The early Warner Bros. cartoons had the best endings. Beginning with the first short in 1930, the Looney Toons concluded with Bosko leaping out from behind a wooden sign and exclaiming “That’s all folks!” When the Merrie Melodies debuted in 1931, a character would run from the back of a drum, but the exclamation now was “So long, folks!”
The drum was put into storage for a while when Hugh Harman and Rudy Ising parted ways with Leon Schlesinger in 1933. The ending now featured a stage curtain with musical notes, and a character in the cartoon standing and making the final pronouncement (Buddy in the Looney Toons).
It would appear when the Merrie Melodies went completely to colour in 1935 with
The Country Boy, the ending featured a jester on stage, waving a marotte and exclaiming “That’s all, folks” (his voice varied with each cartoon). I always liked the jester when I was a kid. It never dawned on me he never starred in any cartoons.

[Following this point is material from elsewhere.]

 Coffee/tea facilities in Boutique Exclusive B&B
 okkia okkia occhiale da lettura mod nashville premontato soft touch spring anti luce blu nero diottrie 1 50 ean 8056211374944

Perhaps the creepiest looking and sounding spokes-character was the cat at the end of
Sittin’ on a Back Yard Fence (1933), apparently animated by Don Williams. It shouts “So long, folks!” in a raspy falsetto. Get a load of the teeth.








The jester et al were retired in 1936. The familiar concentric circles were seen on the Merrie Melodies for the first time in the Friz Freleng-directed
I Wanna Play House. The Looney Tunes had the zooming Warner Bros. shield and the “our gang” animals, with the “That’s all, Folks!” script at the end. Porky knocked Beans, Little Kitty and Oliver Owl out of the opening starting with
Little Beau Porky later that year.
The bass drum apparently returned, with Porky bursting through it, when “The Merry-Go-Round Broke Down” took over as the Looney Toons theme. Since the Porky 101 disc set has such mangled openings and closings, I’ve had to rely on cue sheets supplied by Daniel Goldmark, which say the first short was
Rover’s Rival (1937) from the Bob Clampett unit.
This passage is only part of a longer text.